O kargaya leş verme sonra alışır da her zaman ister.


Sana, ölü eti gerekmez, diri eti yaraşır.
Bu sözleri, maslahat gereği şaka olsun diye söylüyordu; yoksa cimriliğinden değil.

Öğrenmekle elde edilen zahir (Dıştan görünen) bilgilerinden kaçınma.
Yoksa bana bir yolda yürümek ne kadar zorlaşır idi.

Bunun en çetin feryat ve şikâyetini Bayezid de yapmıştır.
Bunu söylemek ancak Hazreti Peygambere yaraşır, dedin.
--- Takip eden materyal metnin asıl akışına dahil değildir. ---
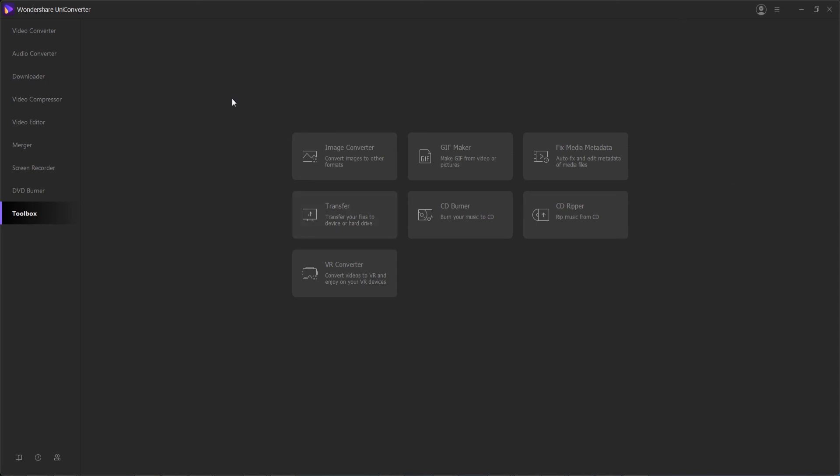That's going to do it for this video guys, I hope you enjoyed. That's how to burn music to a CD using Wondershare Uniconverter.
Önce mazlum ve yumuşak bir halde geldi; görüyorsun ki bu yol için neler söyledi.

Ben geldim, dedim; sen ne yaptın?
Benim için iki dirhem verdin, o da dağıtırken üç dirhem verdi.

Mevlâna buyurdu ki:
Başka neyin var?
Varsa bana bir kaftan verir misin?

Şahap, Şam'da diyordu ki:

Benim için en akla yakın düşünce şudur:
Allah kendi kendini bağlamıştır.
Dilediği gibi hareket etmez.

Fahreddin'i Razî ise Sultan Muhammed Harzem Şahın yağlı lokmaları ile giydirdiği kaftanların, verdiği altınların hatırı için ona, kendi iradesiyle dilediği gibi hareket eder, demiştir.

Dedi ki: Hayat benim için öyle bir şeydir ki, ağır bir yük haline geldi mi, ağır bir hamal semeri gibi insanın boynundan asılır, ayağı çamurda kalır.
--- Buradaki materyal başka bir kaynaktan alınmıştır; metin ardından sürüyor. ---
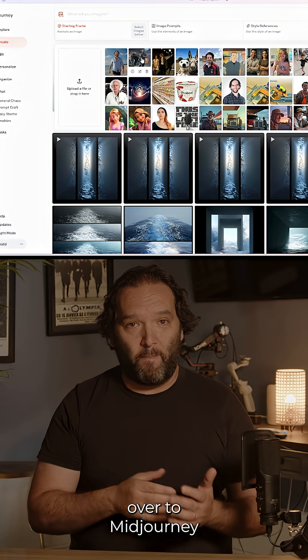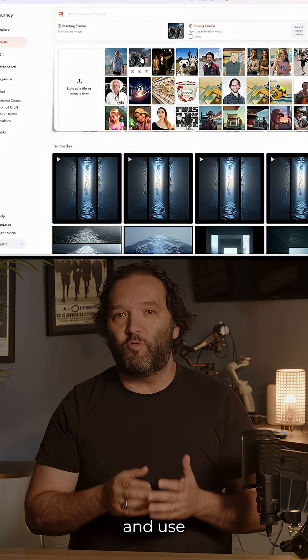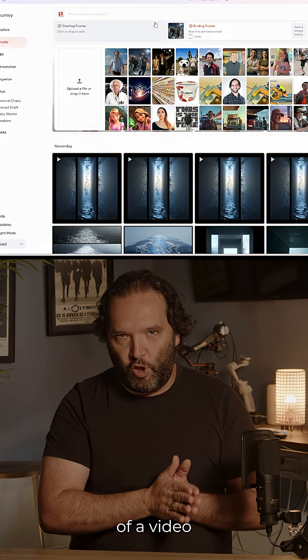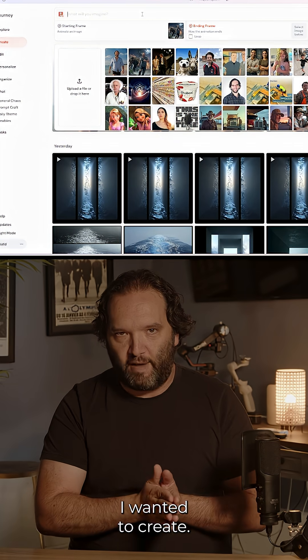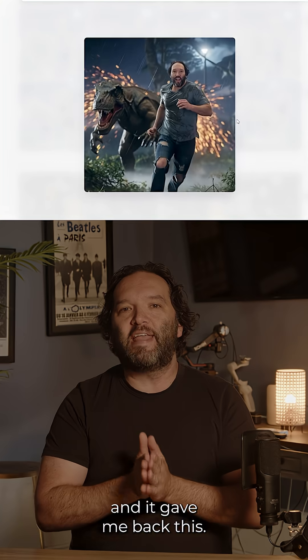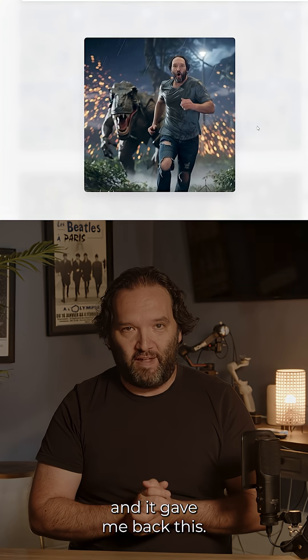When I liked the photo that I got back, I took it over to Midjourney and used that as a first frame of a video I wanted to create. I clicked generate and it gave me back this.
Eğer yaşlı ve arık bir hal almışsa, biri gerektir ki, onun ansızın urganını kessin de, o ağır yük boynundan düşsün, o da böylece kurtulsun.

(M. 231)
Şahab’ın yanına geldiler, binlerce akla yakın sözler dinlediler.
Ondan faydalandılar, secde ettiler.

Dışarı çıkınca dediler ki: bu bir felsefecidir.
Her konuda bilgin olan bir filozoftur.
Ben onları kitaptan sildim.

O her şeyde bilgin olan ancak Allah’dır dedim ve şöyle yazdım: Filozof çok şeylerde bilgindir.

Kıyameti anlatırken, dedi ki:
Bir gün feleğin dönüşü hareketini durdurursa, kıyamet o zaman kopar. Âlem nasıl yerinde durabilir? Dedim.

Derler ki peygamberler hikmet ehlidirler, ancak halkın maslahatı icabı böyle söylemişlerdir.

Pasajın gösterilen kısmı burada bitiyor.